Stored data
• • • • • • •

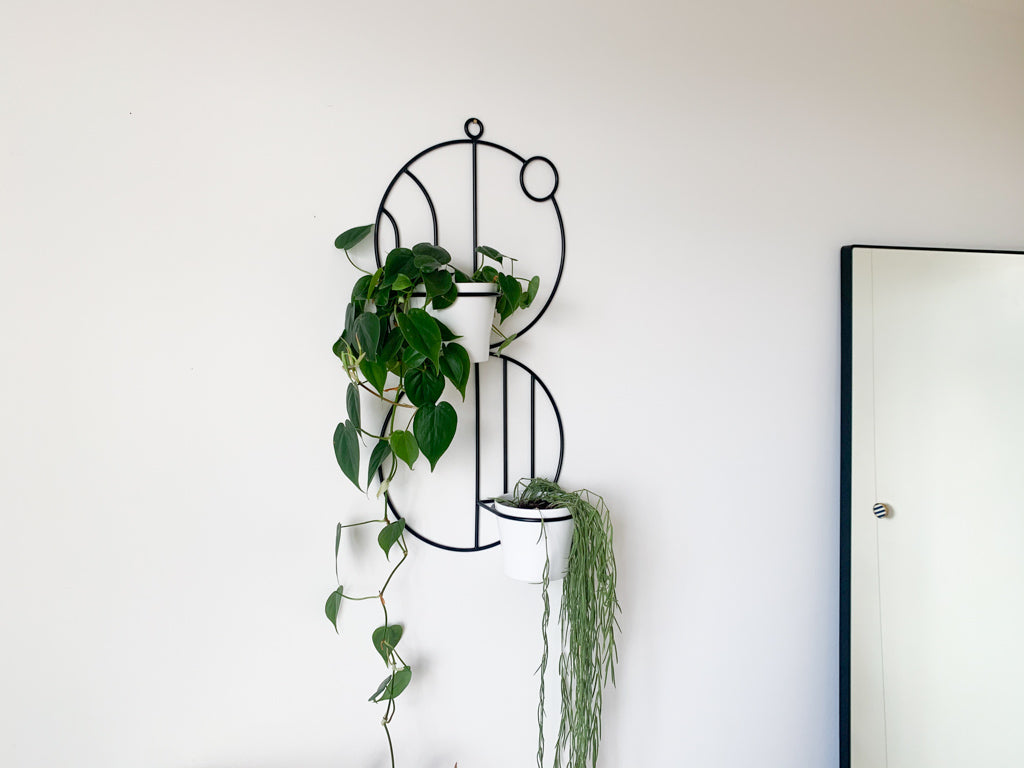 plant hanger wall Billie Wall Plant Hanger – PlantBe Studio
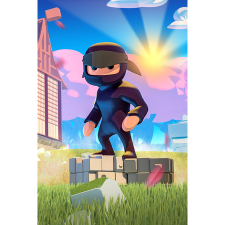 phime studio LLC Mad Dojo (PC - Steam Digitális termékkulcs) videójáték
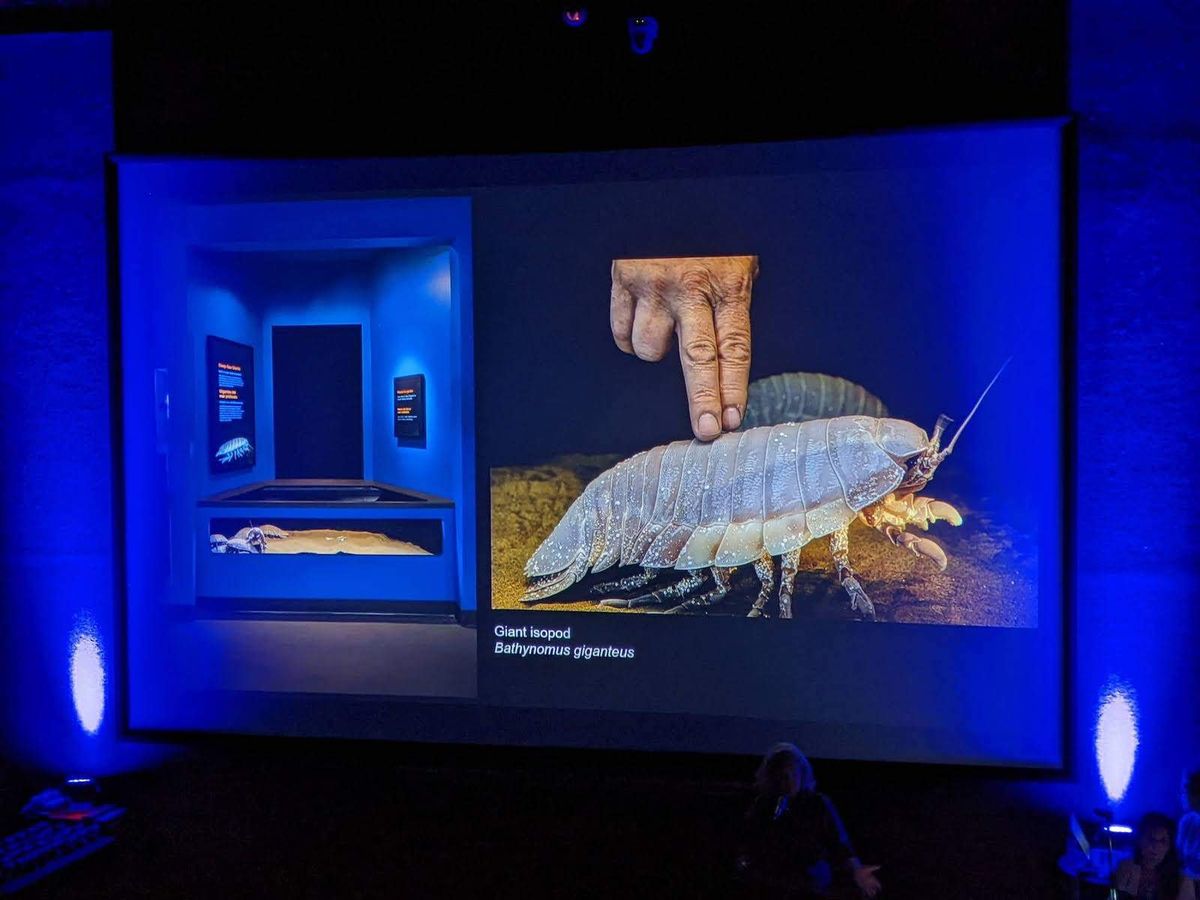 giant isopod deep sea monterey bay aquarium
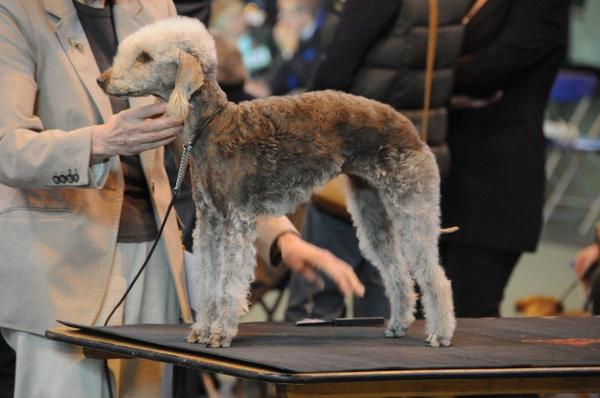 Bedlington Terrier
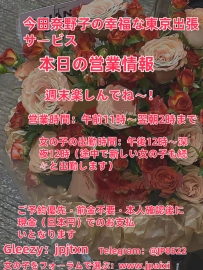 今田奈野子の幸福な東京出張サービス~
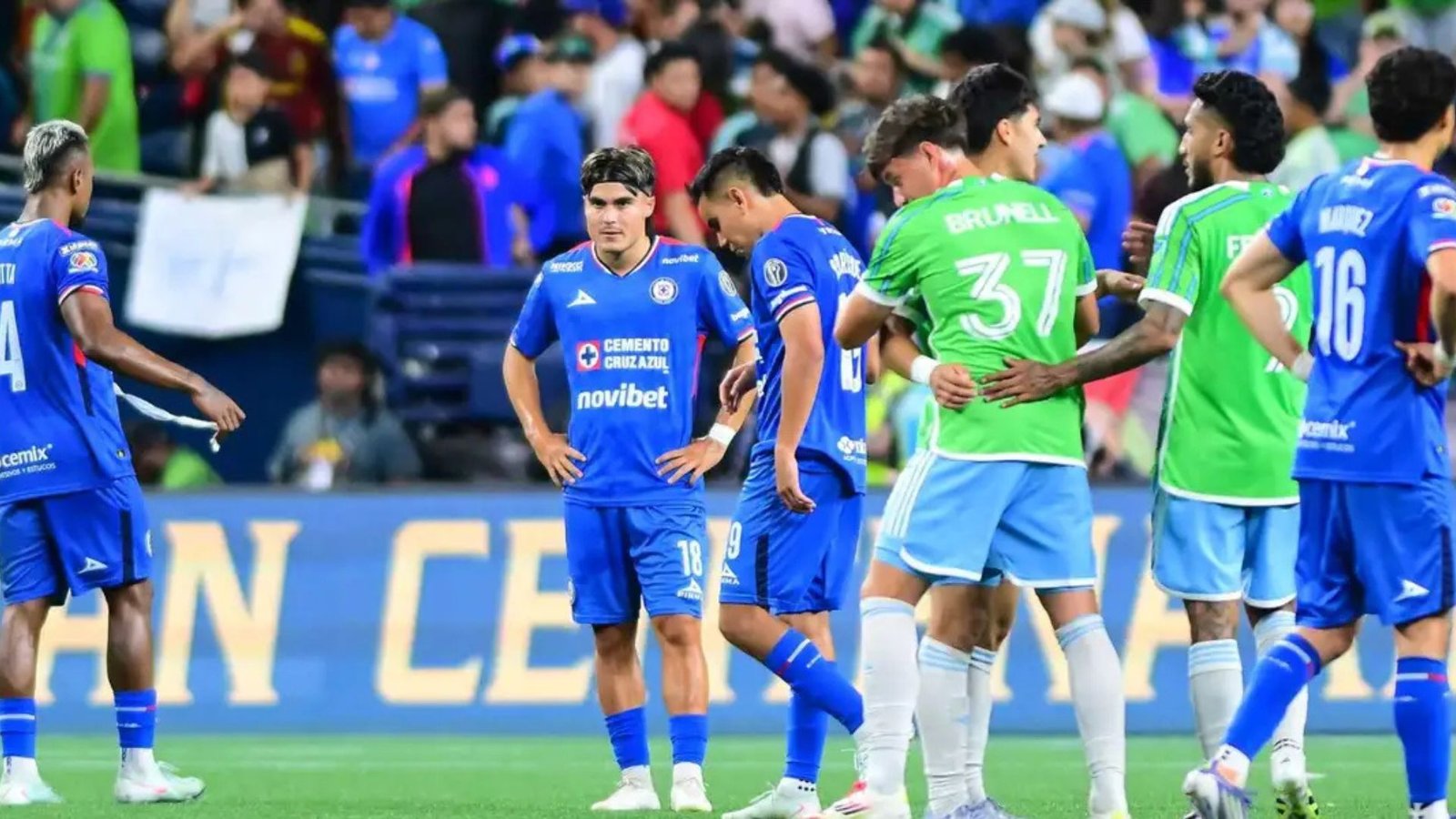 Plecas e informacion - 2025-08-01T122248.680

• • • • • • •

**What you need to do:**
Repeat exactly the lines above, starting at the one that contains "giant isopod deep sea monterey bay aquarium" and stopping at the last line of the entries, and leave out the pictures.

**Solution for this problem:**
 giant isopod deep sea monterey bay aquarium
 Bedlington Terrier
 今田奈野子の幸福な東京出張サービス~
 Plecas e informacion - 2025-08-01T122248.680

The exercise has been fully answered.